Diamo ai giornalisti il diretto accesso agli atti giudiziari pubblici

La legge in approvazione al Senato, nel momento in cui limita il diritto alla pubblicazione delle intercettazioni stabilendo che esse potranno apparire sulla stampa solo dopo il rinvio a giudizio, incide, limitandolo, sul diritto di cronaca e con ciò crea un vulnus ad un diritto costituzionalmente tutelato quale è la libertà di stampa prevista dall’ art. 21.
 
Nell’ambito poi del generale diritto di cronaca, ciò che viene limitata è soprattutto la cronaca giudiziaria; quest’ultima, nelle moderne democrazie occidentali rappresenta un ineludibile presidio di garanzia perché consente un controllo diffuso nei confronti dell’operato della magistratura e soprattutto permette ai cittadini di sapere chi sono i soggetti interessati dalle indagini giudiziarie e perché sono sottoposti a tale indagine.
 
Nel momento in cui i media non potranno più pubblicare le intercettazioni se non – come sopra detto - a distanza di molto tempo dai fatti, il diritto ad un’informazione giudiziaria completa ed esauriente sarà certamente limitato.

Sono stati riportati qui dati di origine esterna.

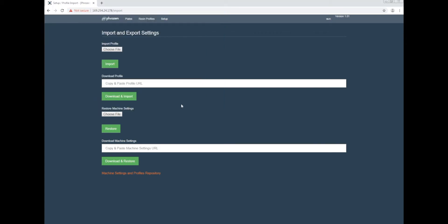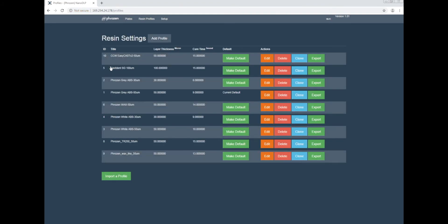Once you do that, click Import. By doing this, you will successfully be able to import your file into the machine and be able to use it whenever you want.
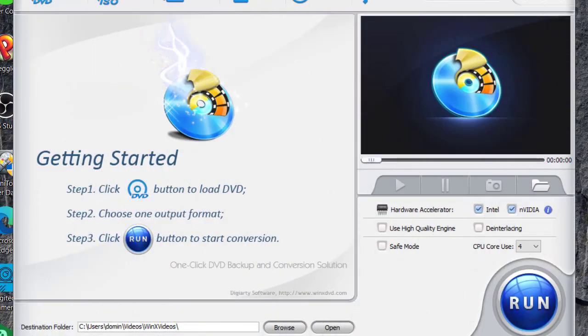Greetings everybody, this is Domingo with you today. I hope you're all doing fantastic and today we're going to be reviewing WinX DVD Ripper Platinum.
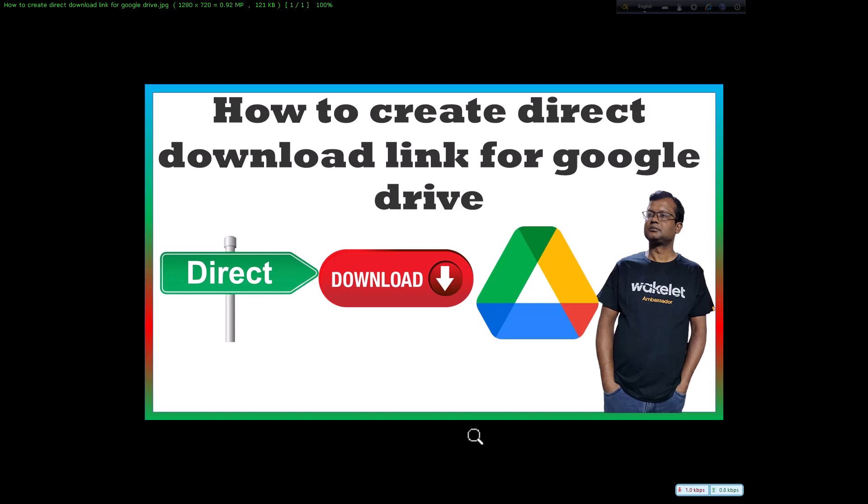Today we have got a super exciting topic to dive into: how to create a direct download link for Google Drive. If you have ever wanted to make sharing files easier, you are in the right place. Stick around and I will show you the step by step process.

La legge in discussione si prefigge il raggiungimento di un obiettivo certamente nobile e cioè la tutela della privacy, valore anch’esso di rilevanza costituzionale. La riservatezza che, però, è giusto tutelare è quella che riguarda soprattutto i soggetti estranei alle indagini, le cui conversazioni possono essere casualmente intercettate. Per costoro essere “sbattuti” su un giornale, raccontando eventualmente loro vicende private può essere un danno incommensurabile senza che nessun vantaggio vi sia per il diritto di cronaca, che in tali casi si trasforma in mero gossip.
 
In questi casi non vi è dubbio che l’esigenza della tutela delle privacy sia prevalente rispetto al diritto della pubblica opinione alla conoscenza delle attività giudiziarie. La legge, però, non distingue e finisce per limitare il diritto di cronaca anche nei confronti di quei soggetti per i quali l’interesse pubblico alla conoscenza delle vicende – anch’esso diritto costituzionalmente tutelato – che li riguardano avrebbe dovuto prevalere. Di fatto, quindi, si mettono sullo stesso piano la conoscenza delle vicende che riguardano i soggetti estranei al processo, per i quali è giusto che il diritto di cronaca venga limitato, con le notizie che riguardano soggetti inquisiti e protagonisti del procedimento penale, sulle quali il diritto di cronaca giudiziaria dovrebbe essere invece garantito.
 
Ed allora non sarebbe stata più corretta e rispettosa delle contrapposte esigenze in gioco l’idea paventata da più parti che fosse un giudice ad individuare quali siano le intercettazioni utilizzabili nel processo, limitando poi ad esse la pubblicabilità, e stabilendo, in questo caso a giusta ragione, anche sanzioni penali per l’inosservanza dei divieti?
 
Voglio concludere questa mia brevissima riflessione con una provocazione.
 
In molti commenti di uomini della politica e della cultura, utilizzati anche a sostegno della legge in discussione, si dice che bisogna spezzare questo circuito mediatico-giudiziario, ovvero il rapporto che esisterebbe tra alcuni operatori della giustizia (magistrati, avvocati, forze dell’ordine) con i giornali. Si tratterebbe di un sistema che consente di passare informazioni ed atti – anche ormai leciti e pubblici - alla stampa e che creerebbe un rapporto privilegiato fra gli operatori giudiziari medesimi ed i giornalisti, quest’ultimi dovendo essere grati ai primi per il “favore” fatto. 
 
Ma allora perché nella legge non si stabilisce direttamente un diritto di accesso alla stampa a tutti gli atti ovviamente pubblici dei processi?
 
I cronisti giudiziari – che come detto svolgono un lavoro di interesse pubblico – dovrebbero poter richiedere direttamente ed ufficialmente gli atti al giudice ed al p.m.; in tal modo si eliminerebbe a monte ogni sospetto di rapporto incestuoso, ne guadagnerebbe la libera informazione e, perché no? Anche il mondo giudiziario.